• Login
Community
  • Login

Delete lines in multiple text/DAT files that contain specific characters

Scheduled Pinned Locked Moved Help wanted · · · – – – · · ·
17 Posts 5 Posters 2.0k Views
Loading More Posts
  • Oldest to Newest
  • Newest to Oldest
  • Most Votes
Reply
  • Reply as topic
Log in to reply
This topic has been deleted. Only users with topic management privileges can see it.
  • A
    Adam Bowsky
    last edited by Aug 21, 2019, 8:15 PM

    I have 730+ DAT files that contain lines of text that I need to delete from all of them. An example is below. I only used 3 lines, but some files contain over 1000 lines.

       1CONT-15507900000    00000000
       1N90-SS9035X         00000000
       1BFG-89442           00000000
    

    I need to delete the complete line that contains the text “N90-”. Please note that there is spacing preceding the text, and the spacing between the text and zeros cannot change. Also, the number preceding the text changes in each file, so the only constant is the “N90-”.

    I tried Googling it, but could not find what I needed. I heard there was a way to do it with Notepad++, but I was unsuccessful.
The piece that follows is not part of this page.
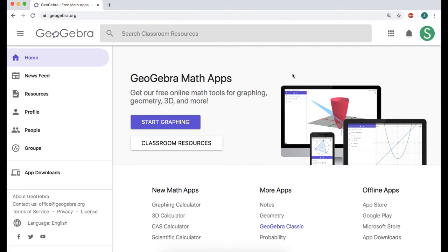In this video we are going to play around with GeoGebra and take a look at curvature and osculating circles in the plane. I'm going to start off with GeoGebra Classic because there's quite a lot of stuff that we want to do.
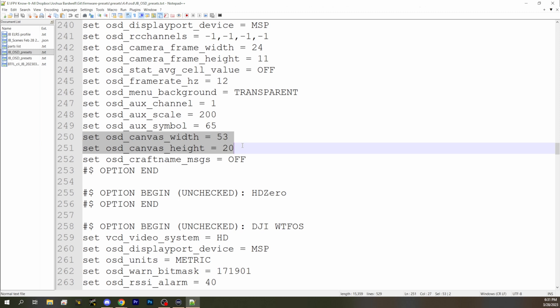For Walksnail and for this new O3, the correct canvas width and height are 53 by 20. For WTF-OS, it's some other numbers, but it doesn't matter — with WTF-OS, the video transmitter communicates that value to the flight controller automatically, so you don't need to set it manually. But with all other video transmitters, you need to set it manually. And now you can, with the O3, finally get HD OSD.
    A S 2 Replies Last reply Aug 21, 2019, 8:35 PM Reply Quote 0
    • A
      Alan Kilborn @Adam Bowsky
      last edited by Alan Kilborn Aug 21, 2019, 8:37 PM Aug 21, 2019, 8:35 PM

      @Adam-Bowsky

      You could use a Search > Mark... operation to bookmark lines containing N90-. Then delete the bookmarked lines using Search > Bookmark > Remove Bookmarked Lines.

      There are other ways as well.

      1 Reply Last reply Reply Quote 0
      • A
        Adam Bowsky
        last edited by Aug 21, 2019, 8:45 PM

        I think that only works in a single file at a time… there is no option to do that in the Find in Files tab. I am a novice, sorry.

        A 1 Reply Last reply Aug 21, 2019, 9:10 PM Reply Quote 0
        • S
          supasillyass @Adam Bowsky
          last edited by Aug 21, 2019, 9:05 PM

          @Adam-Bowsky

          1. Search
          2. Find in Files…
          3. Search Mode: Regular expression
          4. Find what: \r\n[ ]*.N90-.*00000000$ (Windows EOL)
          5. Replace with: (empty string)
          6. Set file filters and directory as appropriate
          7. Replace in Files
          A 1 Reply Last reply Aug 21, 2019, 9:11 PM Reply Quote 2
          • A
            Alan Kilborn @Adam Bowsky
            last edited by Aug 21, 2019, 9:10 PM

            @Adam-Bowsky

            Oh, sorry I missed the multi-file aspect of your question! Must not be my day.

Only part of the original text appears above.